▶ WHAT THE TASK REQUIRES:
Without including any pictures, write out the listing below exactly.

▶ GIVEN RECORDS:
=== Section Start ===

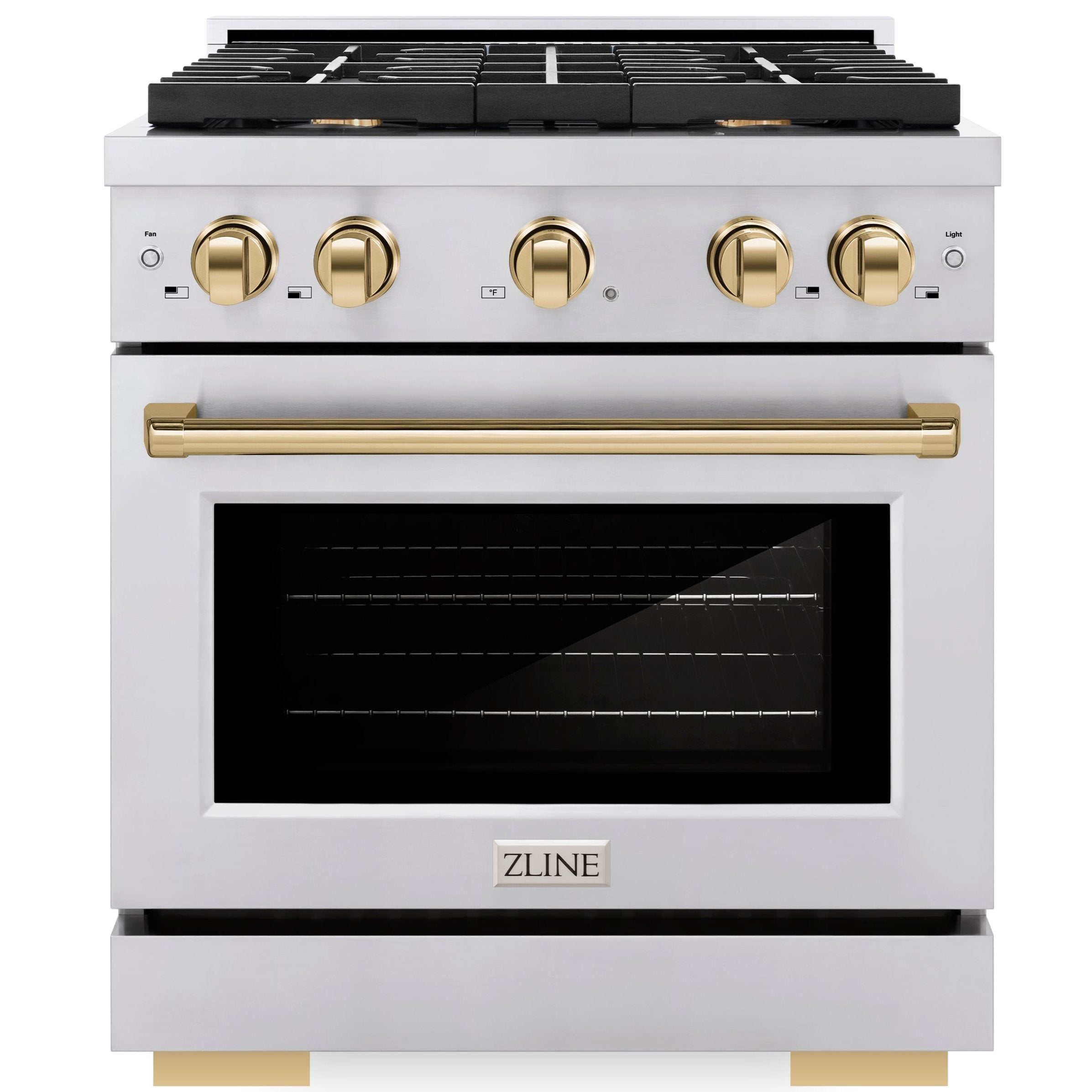 ZLINE Autograph Edition 30 in. 4.2 cu. ft. Paramount Gas Range with 4-Burner Cooktop and Convection Gas Oven in Stainless Steel with Gold Accents (SGRZ-30-G)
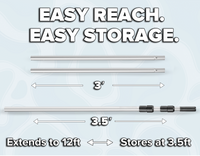 Telescopic Adjustable Aluminum Pool Pole - 12 Feet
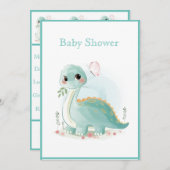 Dinosaur Green Watercolor Babydusche Einladung (Vorne/Hinten)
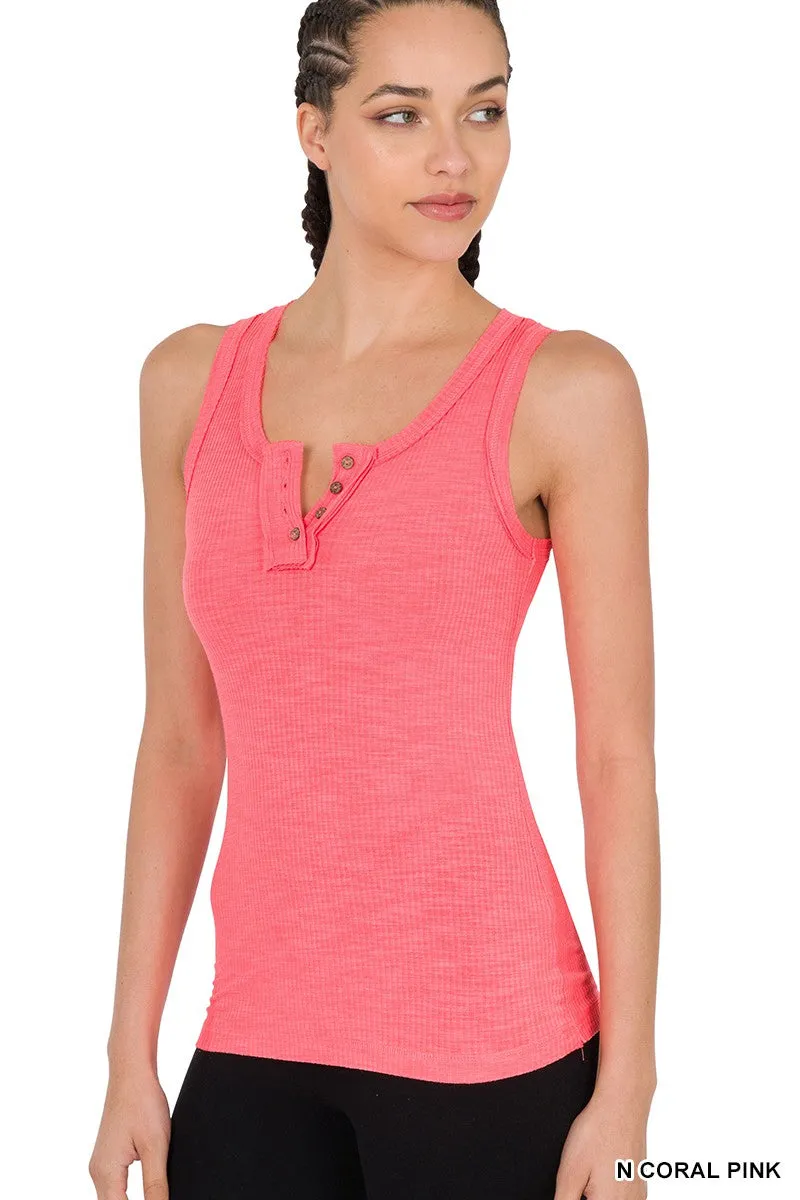 Button Down Ribbed Tank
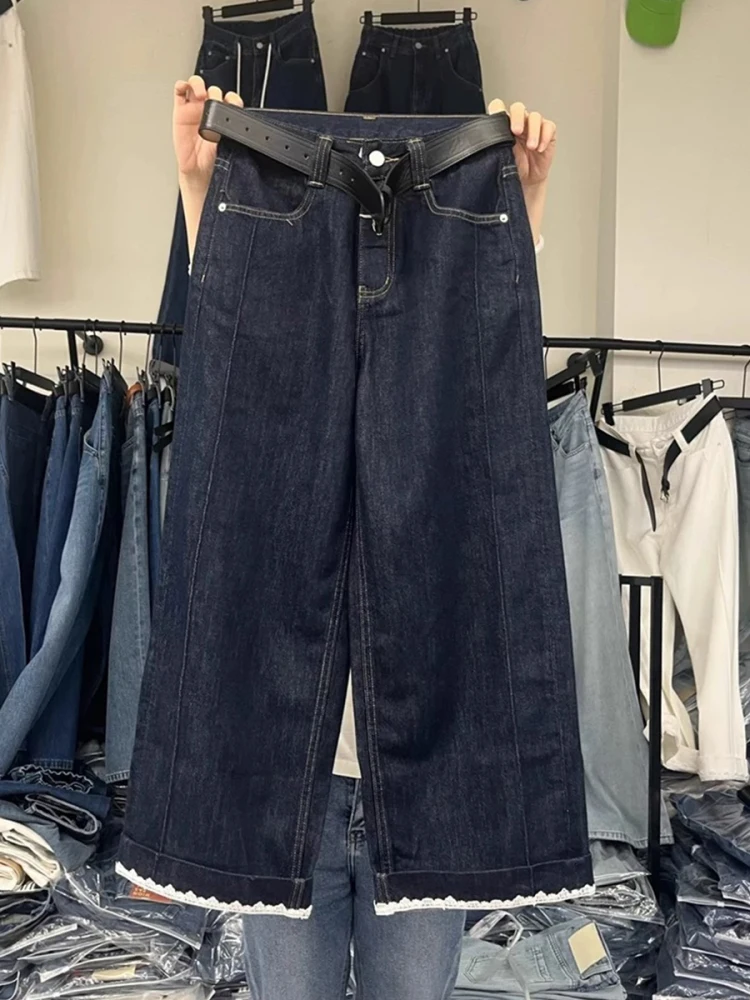 

Women Summer Thin Loose Straight Leg Jeans Daily Basics Vintage Blue Denim High Waist Commute Ankle Length Pants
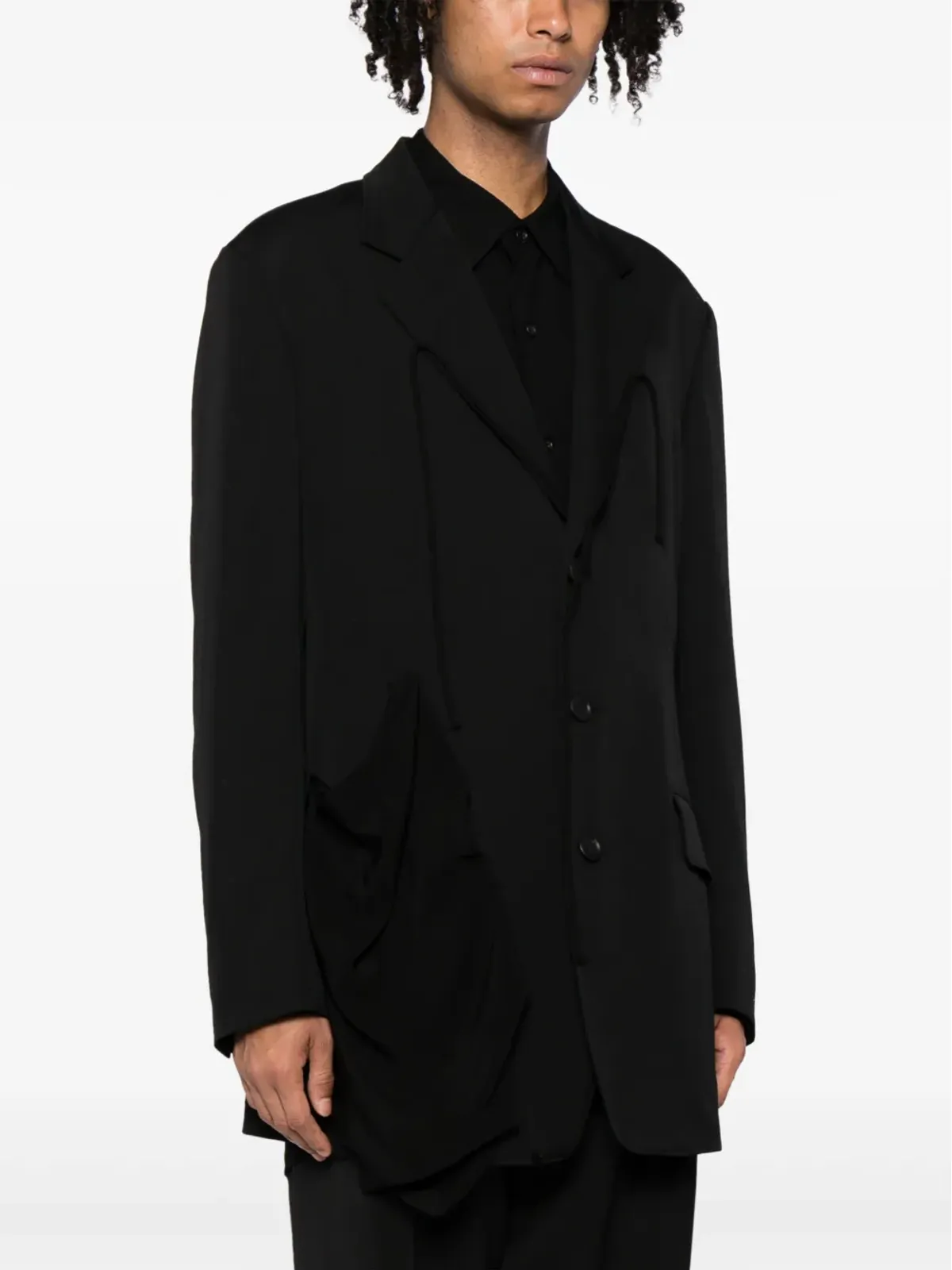Yohji Yamamoto ノッチドラペル ウールブレザー - 画像3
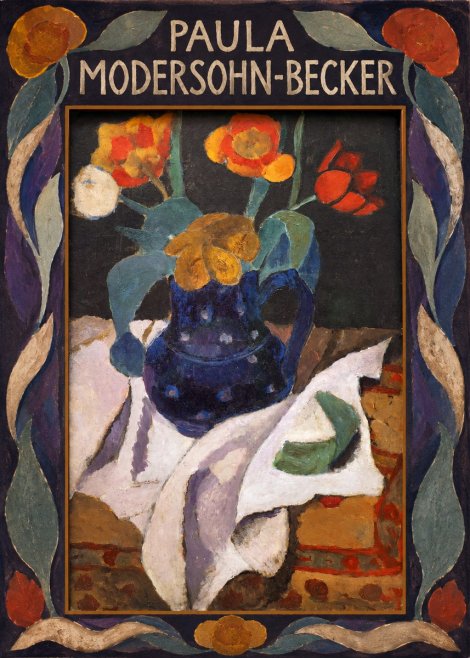 Paula Modersohn-Becker Still Life with Blue Jug and Flowers No3 - Affiche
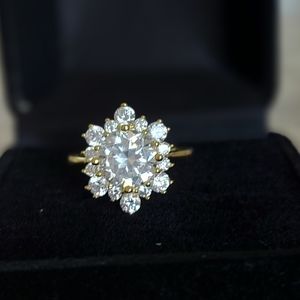 18K Gold-Plated Diamond Ring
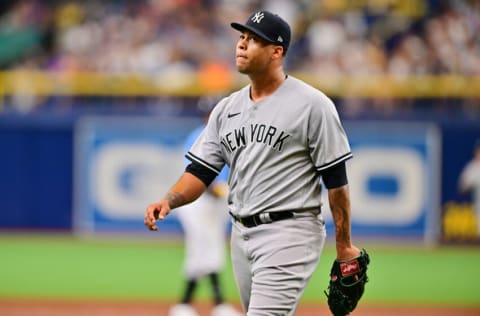 ST PETERSBURG, FLORIDA - SEPTEMBER 04: Frankie Montas #47 of the New York Yankees looks on after the third inning against the Tampa Bay Rays at Tropicana Field on September 04, 2022 in St Petersburg, Florida. (Photo by Julio Aguilar/Getty Images)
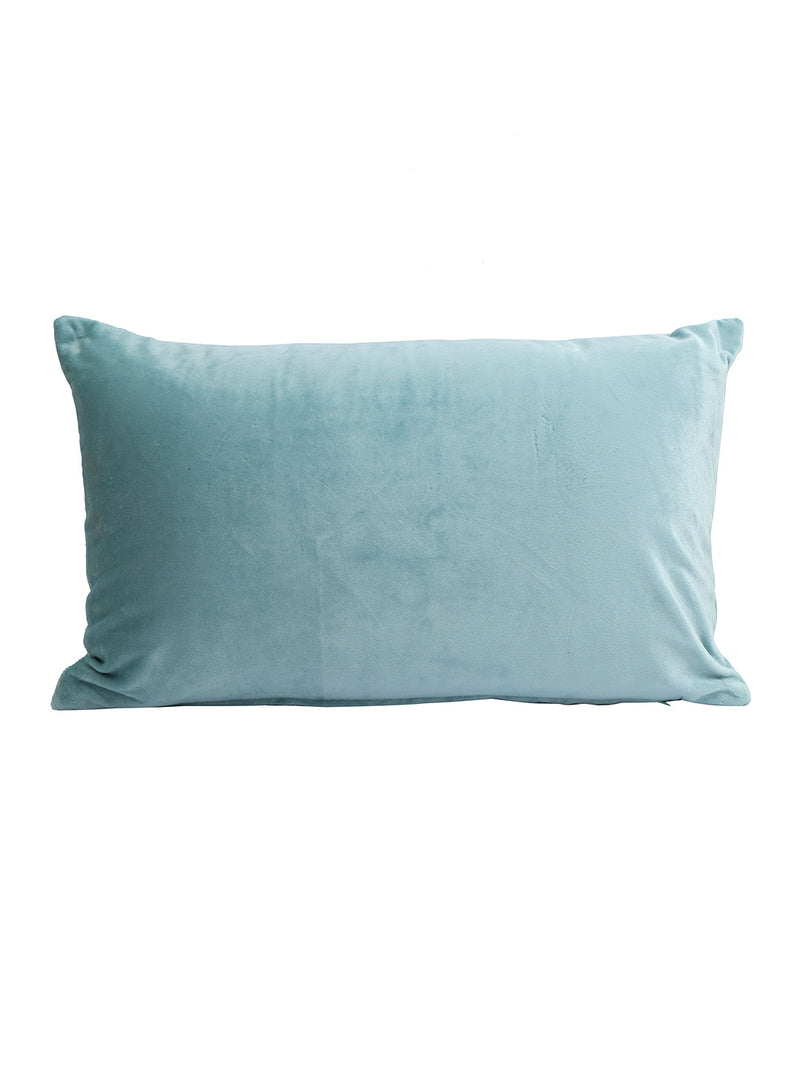 Eyda Set of 2 Velvet Turquoise Emroidered Cushion Cover 12x20 inch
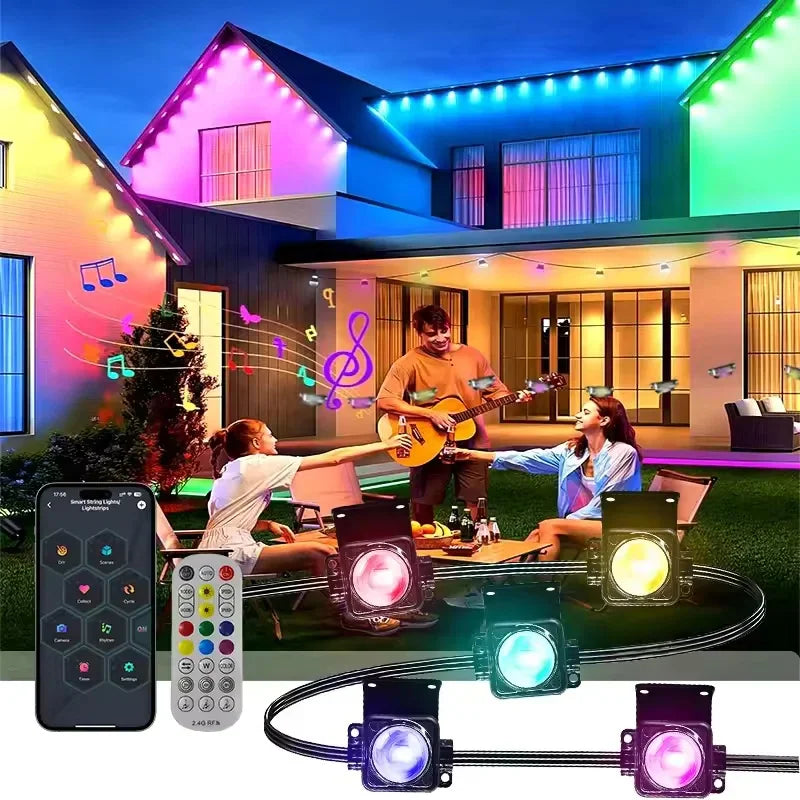 Smart outdoor RGBIC string lights installed on house eaves with music sync feature controlled via app and remote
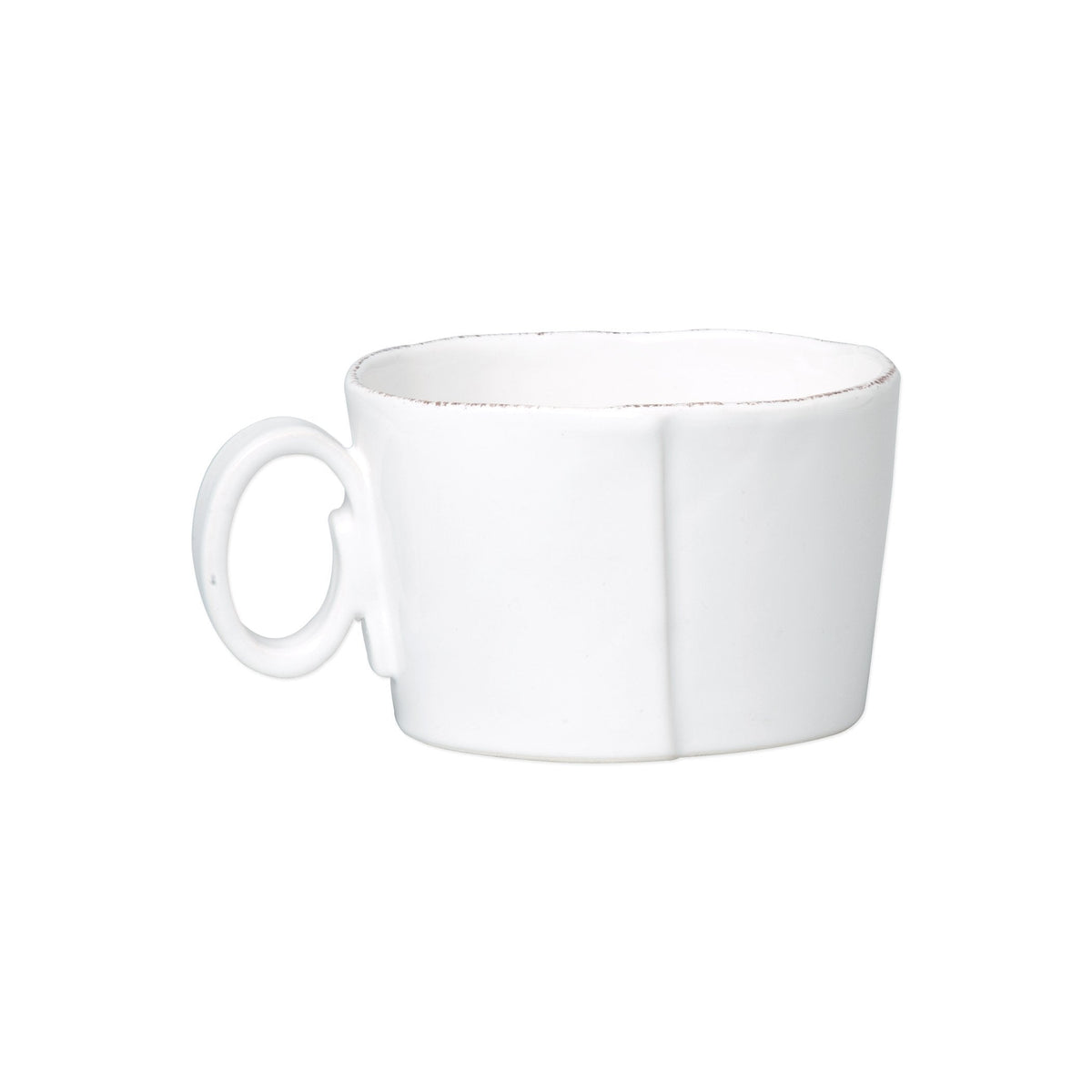 Lastra Jumbo Cup, white Italian stoneware with a rustic edge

=== Section End ===

▶ YOUR RESPONSE:
 ZLINE Autograph Edition 30 in. 4.2 cu. ft. Paramount Gas Range with 4-Burner Cooktop and Convection Gas Oven in Stainless Steel with Gold Accents (SGRZ-30-G)
 Telescopic Adjustable Aluminum Pool Pole - 12 Feet
 Dinosaur Green Watercolor Babydusche Einladung (Vorne/Hinten)
 Button Down Ribbed Tank

Women Summer Thin Loose Straight Leg Jeans Daily Basics Vintage Blue Denim High Waist Commute Ankle Length Pants
Yohji Yamamoto ノッチドラペル ウールブレザー - 画像3
 Paula Modersohn-Becker Still Life with Blue Jug and Flowers No3 - Affiche
 18K Gold-Plated Diamond Ring
 ST PETERSBURG, FLORIDA - SEPTEMBER 04: Frankie Montas #47 of the New York Yankees looks on after the third inning against the Tampa Bay Rays at Tropicana Field on September 04, 2022 in St Petersburg, Florida. (Photo by Julio Aguilar/Getty Images)
 Eyda Set of 2 Velvet Turquoise Emroidered Cushion Cover 12x20 inch
 Smart outdoor RGBIC string lights installed on house eaves with music sync feature controlled via app and remote
 Lastra Jumbo Cup, white Italian stoneware with a rustic edge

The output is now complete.